Pourquoi Shanghai? Parce qu’Alain Lefèvre y jouait la veille le Concerto no 4 du même Mathieu dans le premier des cinq  grands spectacles du programme culturel du Canada à l’Expo 2010. «Sur le coup je n’ai pas accordé beaucoup d’importance à ça, puis je me suis dit que s’il y a un film qui mérite d’être vu à l’étranger pour sa première, c’est bien celui-là, dit le scénariste et réalisateur Luc Dionne.  Parce qu’on peut faire des disques, des films et des livres sur Mathieu, mais s’il n’est pas plus joué ailleurs dans dix ans, on aura fait tout ça pour rien. La première étape c’est de faire connaître la musique et je pense que ce film-là est un outil essentiel pour ce faire.  Je vois bien les réactions ici et aux nombreux visionnements et ça marche. Tout le monde dit "quelle musique extraordinaire"!»

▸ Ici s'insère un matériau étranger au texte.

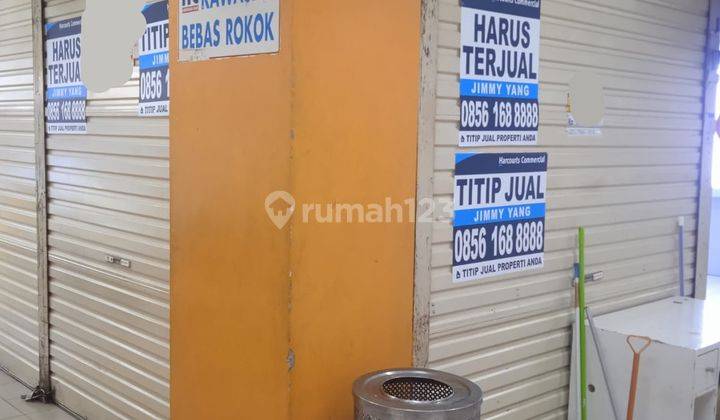 Kios Murah Siap Pakai di Itc Cempaka Mas, Jakarta Pusat 1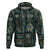 Egyptian Hieroglyphs And Deities Zip Hoodie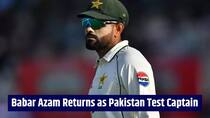 Babar Azam returns as Pakistan Test captain, replaces Shan Masood ahead of England series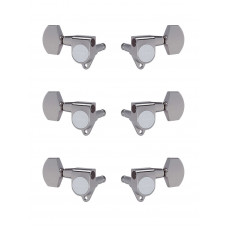 SG301-01-C-L3+R3 Колки для гитары 3+3, хром, Gotoh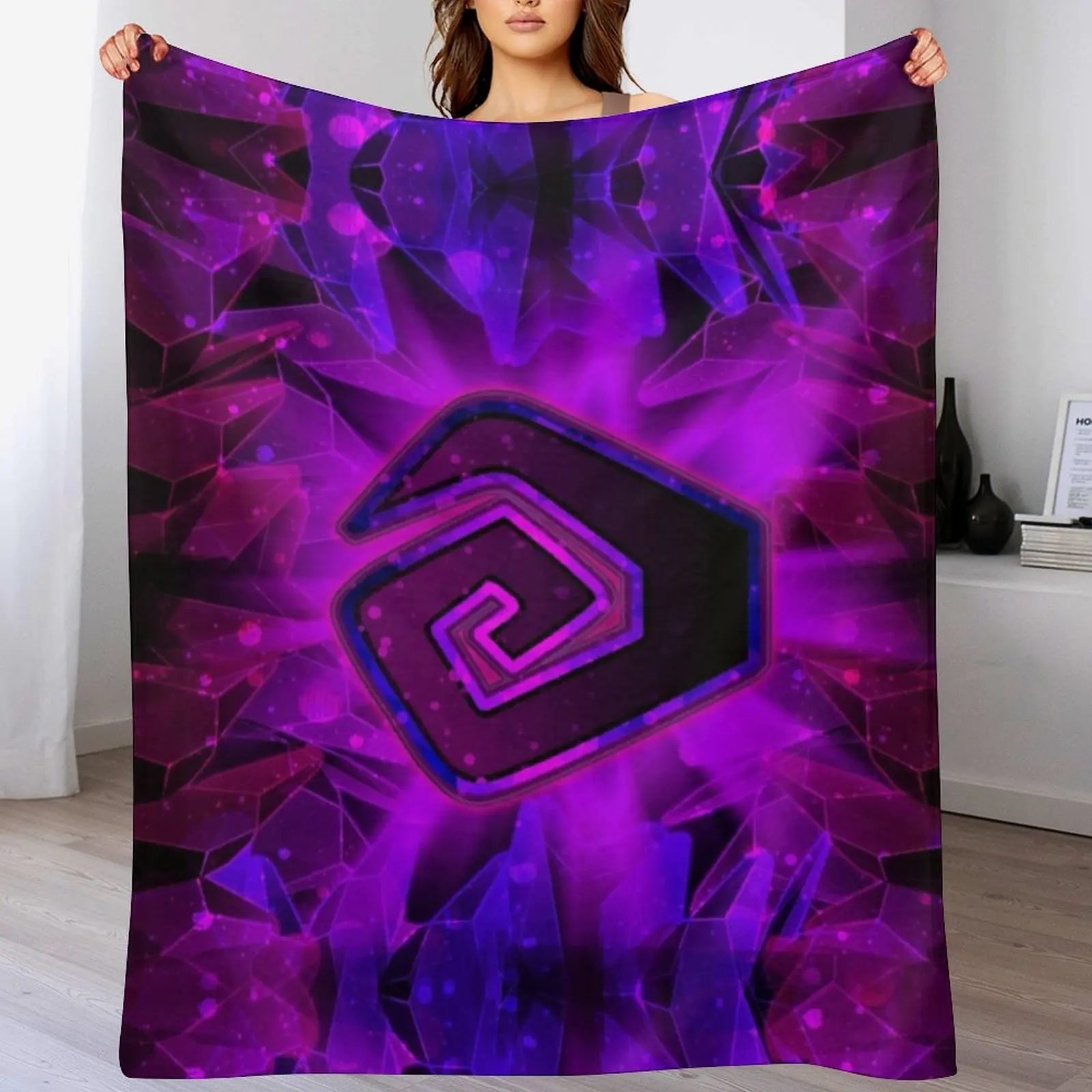 

Wizard101 - Shadow School Throw Blanket Cozy Warm Blanket for Bed Room Decor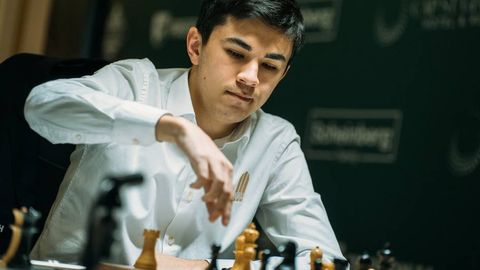 Nomzodlar turniri. Javohir Sindorov birinchi davrani chempion sifatida yakunladi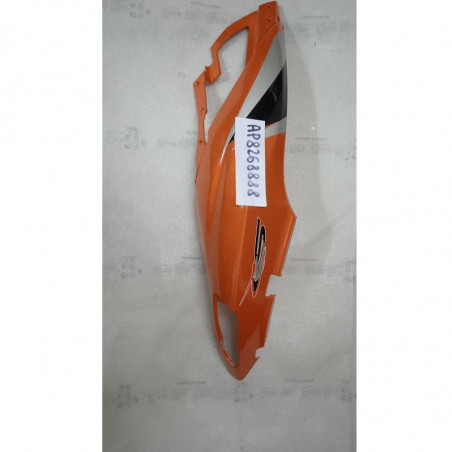 CODONE POSTERIORE SX ARANCIO CON DECALCO APRILIA SR 50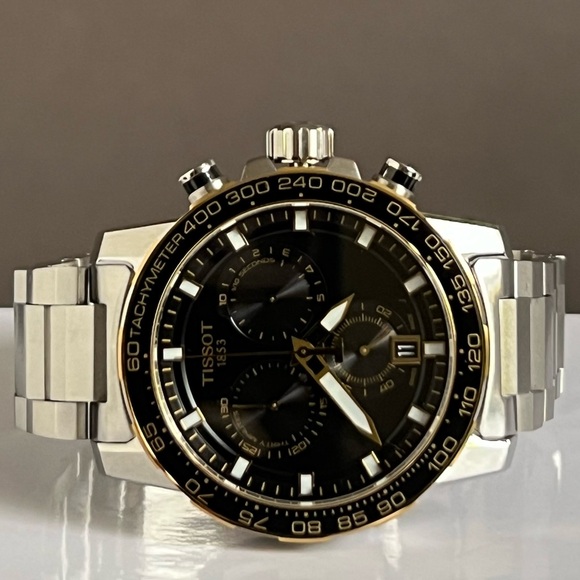 T125.617.21.051.00 - Tissot Men’s Supersport Chronograph Quartz Watch - Picture 7 of 13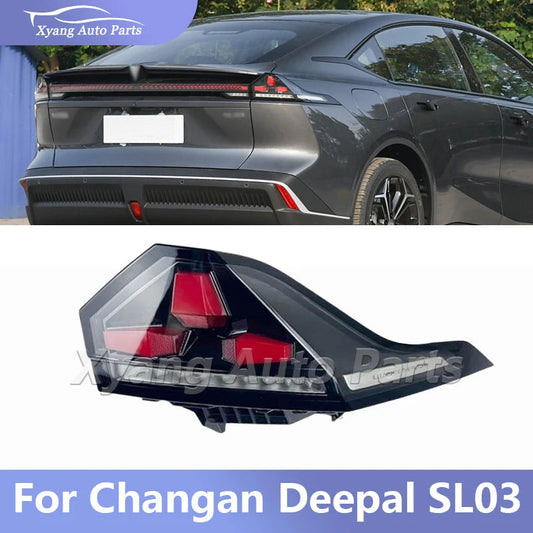 Rear Bumper Tail Light Tail Lamp For Changan Deepal SL03 2022 2023 2024 Taillamp Brake Stop Light 4133010-DF01 4133010-DF02 sayaragear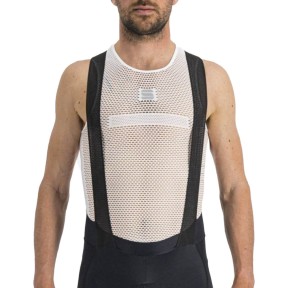 Sportful 2nd Skin Mesh Men's Sleeveless, White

«Moi, ça m’impressionne que des gens qui ont une langue très différente de la nôtre suivent  le film du début à la fin et semblent l’adorer, de renchérir la productrice Denise Robert.  Hier soir, Alain a fait son Concerto qui était magnifique et ce soir, les gens sont venus découvrir André Mathieu. On a de bons échos et c’est encourageant.»

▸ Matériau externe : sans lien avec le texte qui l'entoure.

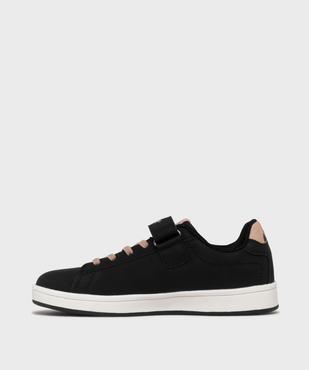 Baskets basses fermeture scratch fille - Ellesse vue4 - ELLESSE - GEMO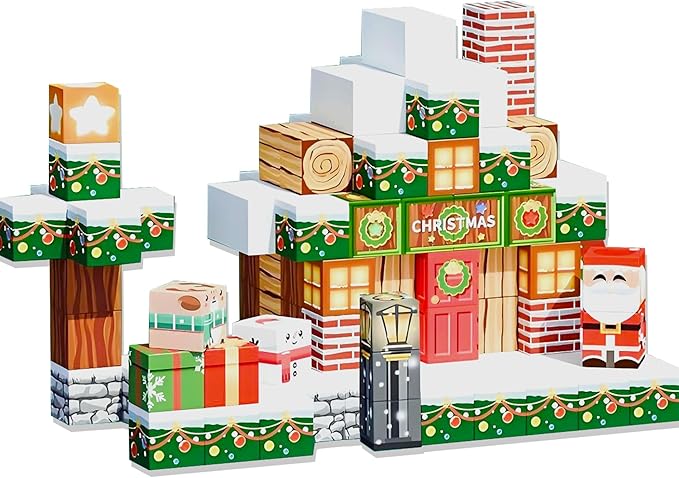 Magnetic Building Blocks 150 PCS, STEM Toys for Kids Ages 3-10, Educational Construction Set with Colorful Storage Box, Creative Learning Toys for Boys & Girls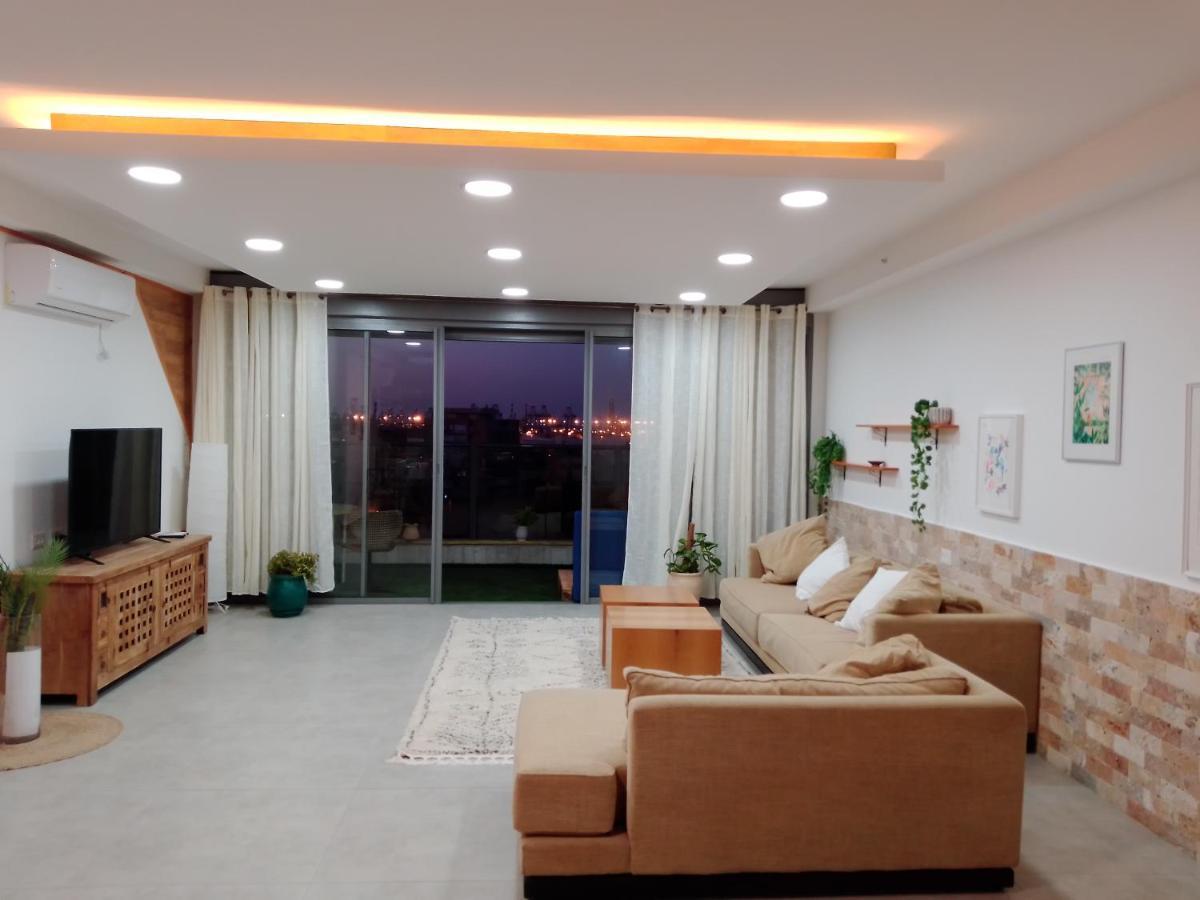 Beautiful Beach Apartment Asdode Exterior foto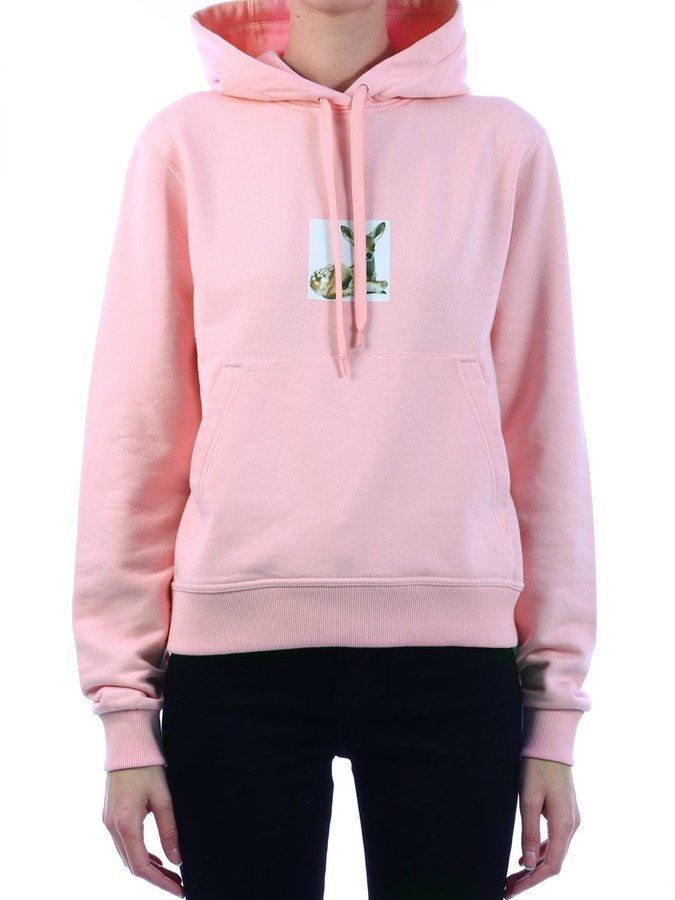 burberry hoodie pink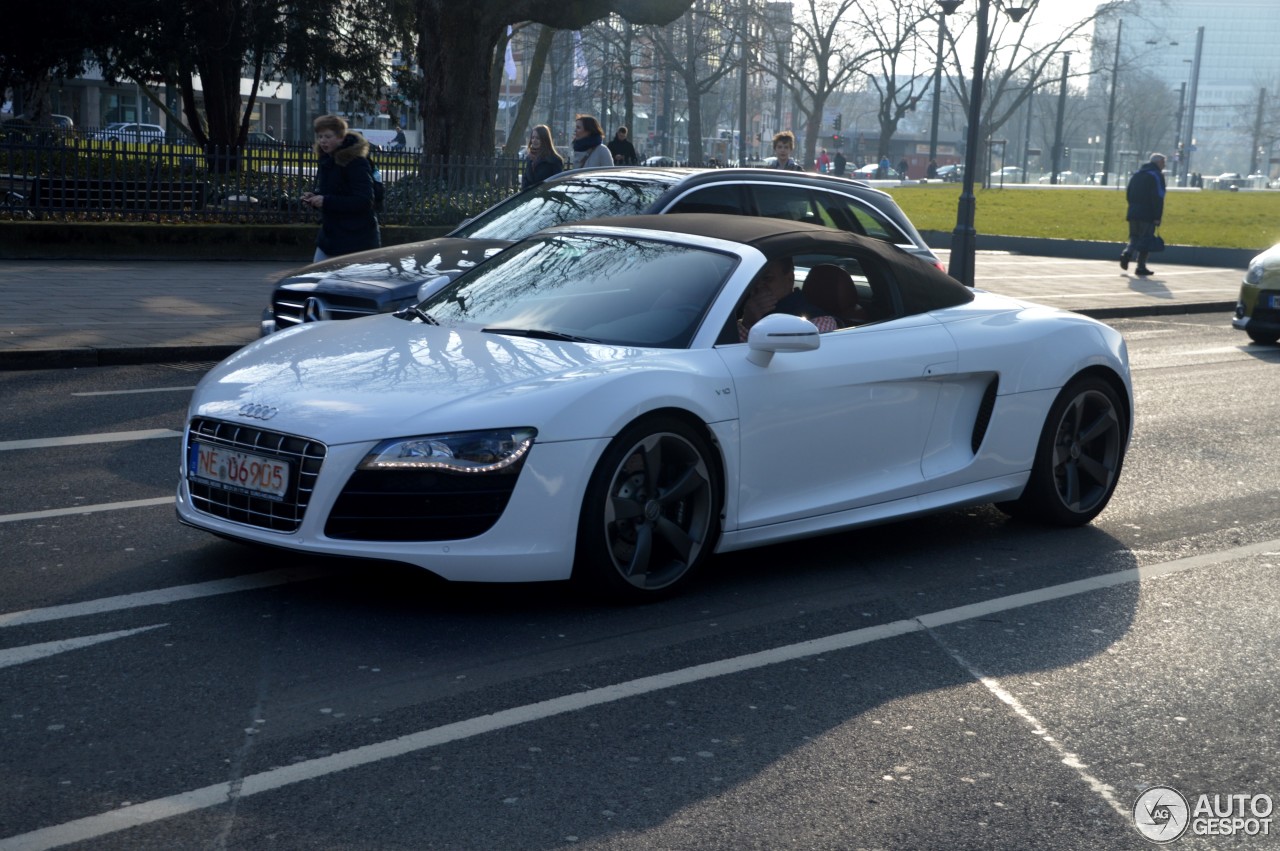 Audi R8 V10 Spyder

La projection de dimanche a rassuré Patrick Drolet qui incarne André Mathieu adulte : «C’est l’aspect pianiste qui m’a stressé énormément dans ce film-là», avoue-t-il même si les mains qu’on voit sur le clavier sont évidemment celles d’une doublure. Drolet s’explique :  «Il s’agit d’une séquence où tu ne crois pas que je suis pianiste et le film ne tient pas. Ce soir, les musiciens de Marie-Jo Thério sont venus me voir et m’ont dit  qu’ils me surveillaient, qu’ils essayaient de me trouver une faute. La musique de Mathieu se promène aux deux extrémités du clavier et  ils regardaient mon corps. Ils m’ont dit : "Tu nous a vraiment eus".»

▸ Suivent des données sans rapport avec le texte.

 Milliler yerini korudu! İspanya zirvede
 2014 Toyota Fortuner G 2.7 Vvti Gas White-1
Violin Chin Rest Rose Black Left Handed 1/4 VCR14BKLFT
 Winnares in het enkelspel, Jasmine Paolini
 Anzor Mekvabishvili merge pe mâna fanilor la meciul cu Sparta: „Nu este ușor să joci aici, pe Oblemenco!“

Après la projection, Alain Lefèvre, pourtant si énergique en concert la veille, avait l’air épuisé : «Je ne sais pas si ça se dit en entrevue, mais je suis au bout du rouleau, lâche Lefèvre. Avec Mathieu, tout a été une bataille, rien n’a été facile. Si un jour je n’écrivais que 20% de ce qui m’est arrivé comme embûches, je ne pense même pas que  les gens le croiraient. Ce soir, je suis vidé, c’est beaucoup d’émotion et je n’en tire aucune gloire.» «Ce que j’ai surtout entendu des gens ce soir, c’est que la musique est devenue un personnage, ajoute Lefèvre. Est-ce que le but est accompli? Ça serait prétentieux de dire ça. Il faut maintenant que des collègues musiciens décident de mettre à leur répertoire la musique de Mathieu. Faudra qu’on ait cette fierté de dire : pourquoi pas? Est-ce qu’on l’aura? C’est la grande question que je me pose aujourd’hui.»